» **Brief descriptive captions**
+ + + +

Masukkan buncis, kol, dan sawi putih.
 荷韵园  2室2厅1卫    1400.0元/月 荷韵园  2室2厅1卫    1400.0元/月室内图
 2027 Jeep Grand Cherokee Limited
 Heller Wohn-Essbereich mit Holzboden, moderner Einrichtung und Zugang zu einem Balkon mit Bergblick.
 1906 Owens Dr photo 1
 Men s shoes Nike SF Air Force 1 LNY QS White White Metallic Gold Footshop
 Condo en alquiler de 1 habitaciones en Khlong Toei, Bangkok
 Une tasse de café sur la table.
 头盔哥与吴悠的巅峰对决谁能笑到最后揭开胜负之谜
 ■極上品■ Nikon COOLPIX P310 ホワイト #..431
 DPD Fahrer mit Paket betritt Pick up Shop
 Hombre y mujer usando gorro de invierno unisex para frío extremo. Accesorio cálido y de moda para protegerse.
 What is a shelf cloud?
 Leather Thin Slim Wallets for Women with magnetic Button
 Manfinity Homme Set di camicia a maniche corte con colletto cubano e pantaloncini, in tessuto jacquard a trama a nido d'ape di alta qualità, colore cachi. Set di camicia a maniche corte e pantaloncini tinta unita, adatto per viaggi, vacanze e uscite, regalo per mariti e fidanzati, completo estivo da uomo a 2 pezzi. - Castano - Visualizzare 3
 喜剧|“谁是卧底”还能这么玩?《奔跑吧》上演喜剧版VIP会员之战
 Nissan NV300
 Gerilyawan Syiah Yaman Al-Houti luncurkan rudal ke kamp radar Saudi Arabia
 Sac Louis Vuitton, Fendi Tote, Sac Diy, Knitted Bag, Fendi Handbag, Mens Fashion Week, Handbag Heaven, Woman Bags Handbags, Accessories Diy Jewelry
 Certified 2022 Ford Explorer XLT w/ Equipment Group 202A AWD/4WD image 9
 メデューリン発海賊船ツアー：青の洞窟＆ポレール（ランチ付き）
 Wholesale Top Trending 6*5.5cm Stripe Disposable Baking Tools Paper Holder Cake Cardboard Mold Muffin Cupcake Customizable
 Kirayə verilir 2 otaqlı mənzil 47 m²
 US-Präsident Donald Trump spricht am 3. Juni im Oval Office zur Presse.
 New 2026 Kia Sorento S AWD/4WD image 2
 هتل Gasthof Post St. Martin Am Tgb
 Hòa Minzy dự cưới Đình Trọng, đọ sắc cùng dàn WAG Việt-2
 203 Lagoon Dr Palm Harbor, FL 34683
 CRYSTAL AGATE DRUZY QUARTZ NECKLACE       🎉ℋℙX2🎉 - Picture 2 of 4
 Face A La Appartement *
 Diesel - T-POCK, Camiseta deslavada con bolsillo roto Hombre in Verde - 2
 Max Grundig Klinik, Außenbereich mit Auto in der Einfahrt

+ + + +

» **Problem details**
Once the line that contains "Men s shoes" is found, please give it again exactly, along with each line that comes after it, through the last line of the entries.

» **Reply to the task**
 Men s shoes Nike SF Air Force 1 LNY QS White White Metallic Gold Footshop
 Condo en alquiler de 1 habitaciones en Khlong Toei, Bangkok
 Une tasse de café sur la table.
 头盔哥与吴悠的巅峰对决谁能笑到最后揭开胜负之谜
 ■極上品■ Nikon COOLPIX P310 ホワイト #..431
 DPD Fahrer mit Paket betritt Pick up Shop
 Hombre y mujer usando gorro de invierno unisex para frío extremo. Accesorio cálido y de moda para protegerse.
 What is a shelf cloud?
 Leather Thin Slim Wallets for Women with magnetic Button
 Manfinity Homme Set di camicia a maniche corte con colletto cubano e pantaloncini, in tessuto jacquard a trama a nido d'ape di alta qualità, colore cachi. Set di camicia a maniche corte e pantaloncini tinta unita, adatto per viaggi, vacanze e uscite, regalo per mariti e fidanzati, completo estivo da uomo a 2 pezzi. - Castano - Visualizzare 3
 喜剧|“谁是卧底”还能这么玩?《奔跑吧》上演喜剧版VIP会员之战
 Nissan NV300
 Gerilyawan Syiah Yaman Al-Houti luncurkan rudal ke kamp radar Saudi Arabia
 Sac Louis Vuitton, Fendi Tote, Sac Diy, Knitted Bag, Fendi Handbag, Mens Fashion Week, Handbag Heaven, Woman Bags Handbags, Accessories Diy Jewelry
 Certified 2022 Ford Explorer XLT w/ Equipment Group 202A AWD/4WD image 9
 メデューリン発海賊船ツアー：青の洞窟＆ポレール（ランチ付き）
 Wholesale Top Trending 6*5.5cm Stripe Disposable Baking Tools Paper Holder Cake Cardboard Mold Muffin Cupcake Customizable
 Kirayə verilir 2 otaqlı mənzil 47 m²
 US-Präsident Donald Trump spricht am 3. Juni im Oval Office zur Presse.
 New 2026 Kia Sorento S AWD/4WD image 2
 هتل Gasthof Post St. Martin Am Tgb
 Hòa Minzy dự cưới Đình Trọng, đọ sắc cùng dàn WAG Việt-2
 203 Lagoon Dr Palm Harbor, FL 34683
 CRYSTAL AGATE DRUZY QUARTZ NECKLACE       🎉ℋℙX2🎉 - Picture 2 of 4
 Face A La Appartement *
 Diesel - T-POCK, Camiseta deslavada con bolsillo roto Hombre in Verde - 2
 Max Grundig Klinik, Außenbereich mit Auto in der Einfahrt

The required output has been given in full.